Ibn Khordadbeh

Ibn Khordadbeh
Born820/825
Khurasan, Abbasid Caliphate
Died913
Notable worksBook of Roads and Kingdoms
RelativesAbdallah ibn Khordadbeh (father)

Abu'l-Qasim Ubaydallah ibn Abdallah ibn Khordadbeh (Arabic: ابوالقاسم عبیدالله ابن خرداذبه; 820/825–913), commonly known as Ibn Khordadbeh (also spelled Ibn Khurradadhbih; ابن خرددة), was a high-ranking bureaucrat and geographer of Persian descent[1] in the Abbasid Caliphate.[2] He is the author of the earliest surviving Arabic book of administrative geography.[3]

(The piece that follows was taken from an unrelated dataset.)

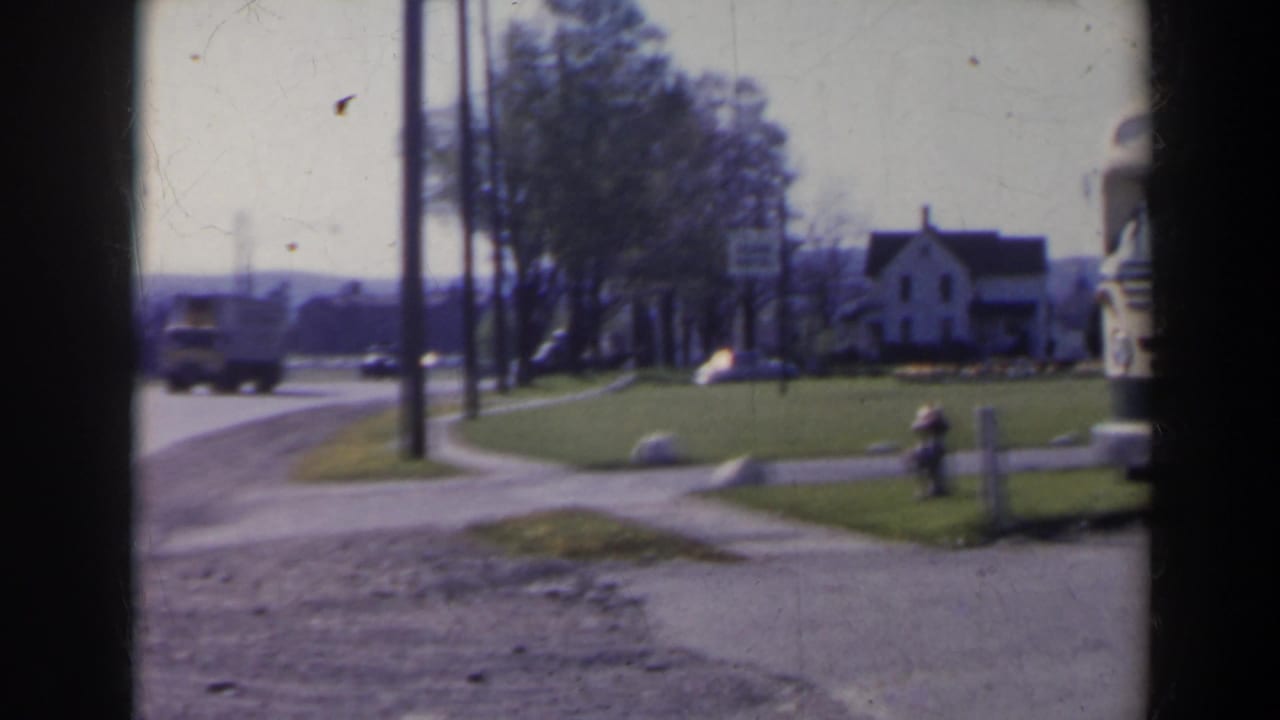 1963 8mm view near Niagara Falls, Canada, showing a quiet road, distant truck, white house, hydrant, grass verge, and utility poles.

  1. ^ van Arendonk, C. (2012-04-24), "Ibn K̲h̲ordād̲h̲beh", Encyclopaedia of Islam, First Edition (1913-1936), Brill, retrieved 2023-07-31, Abu 'l-Ḳāsim ʿUbaid Allāh b. ʿAbd Allāh, an important geographer of Persian descent who was apparently born in the early years of the third century a. h. (c. 820).
  2. ^ "GEOGRAPHY iv. Cartography of Persia – Encyclopaedia Iranica". www.iranicaonline.org. Retrieved 2019-08-24. Ebn Ḵordādbeh (fl. 9th cent., q.v.), one of the earliest Persian geographers, produced in 846 his major work Ketāb al-masālek wa'l mamālek, which is considered the foundation for the later Balḵī school of geography
  3. ^ Bosworth 1997, pp. 37–38.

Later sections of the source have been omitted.